On this album I have the best version of “Lay Lady Lay” that I have ever heard. And I heard it done by Richie Havens, and Buddy Guy, heard it by the Everly Brothers…by Isaac Hayes. Professor Louie, who engineered the last couple of albums by The Band, oh man, when he’s playing the keyboards on that thing…you’re hearing the real Woodstock sound. It is a version of “Lay Lady Lay” that I think is going to be a real killer.
I am really happy to see that you included “I Wish I Hadn’t Stayed Away So Long” on this record…
I think that song is gonna go places. It came to me just about whole. The title of it came indirectly from something Pete Seeger said before he died. He said he wished he had been home more often. He said it after his wife had passed. And after his wife died, he died about five months later. The song isn’t about Pete Seeger, but that energy is in there. My mom died the same year as Pete, and that energy is in there too.

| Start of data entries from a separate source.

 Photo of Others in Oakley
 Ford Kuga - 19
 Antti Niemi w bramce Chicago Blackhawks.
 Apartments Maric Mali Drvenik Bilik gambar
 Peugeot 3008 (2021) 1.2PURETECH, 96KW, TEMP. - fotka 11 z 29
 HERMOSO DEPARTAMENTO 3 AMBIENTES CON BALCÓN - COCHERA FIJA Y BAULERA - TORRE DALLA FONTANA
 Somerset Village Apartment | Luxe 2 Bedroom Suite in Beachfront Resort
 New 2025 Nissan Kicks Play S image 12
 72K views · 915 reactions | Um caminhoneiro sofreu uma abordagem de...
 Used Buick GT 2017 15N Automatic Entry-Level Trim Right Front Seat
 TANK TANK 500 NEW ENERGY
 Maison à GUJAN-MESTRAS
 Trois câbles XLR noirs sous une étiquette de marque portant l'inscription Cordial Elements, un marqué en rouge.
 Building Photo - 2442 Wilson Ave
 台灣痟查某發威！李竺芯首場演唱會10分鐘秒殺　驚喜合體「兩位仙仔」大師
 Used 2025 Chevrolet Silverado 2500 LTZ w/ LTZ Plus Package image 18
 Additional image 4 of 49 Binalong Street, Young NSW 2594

The night you performed it at the Black Rock, Eric Bibb introduced it as one of the best new songs he had heard.
I’ve been knowing Eric and his dad Leon for many years. Eric is…integrity should be his middle name… ‘cause he walks the walk and walks the talk. Maybe it’s the best song I’ve ever written, it just sort of dropped out of the sky. It’s like it wrote itself…I remember singing it and crying while I was singing it… I just tried to stay out of the way while it was writing itself…
The gravel in his voice and the swagger in his risque stage banter are real, but they are only part of the the picture. While reminiscing about Levon and the appearance on Conan O’Brien, his voice cracks for a moment. He wrestles for control and continues to express his gratitude for Helm even as his speech trails off to a whisper.
Backstage at the Black Rock, in March of this year, glimpses of the little kid with the banjo surfaced. But when the light conversation turned suddenly to compliments on the aforementioned song, he uttered a hoarse thank you, and took a bite of his take out food. He fell silent, briefly avoiding eye contact and one got the feeling that he was swallowing more than his meal. Then, after a few minutes, the rascal returned cracking another joke, imitating a man who had eaten too much spicy food.
And yet, spending even a short time with the man there is a sense that the boy is always present, that you can almost see him. Cradling his banjo, he is perched on his rocking chair, riding along in the back of the truck, passing villages and summer fields with the sun on his shoulders, and before him, the open road.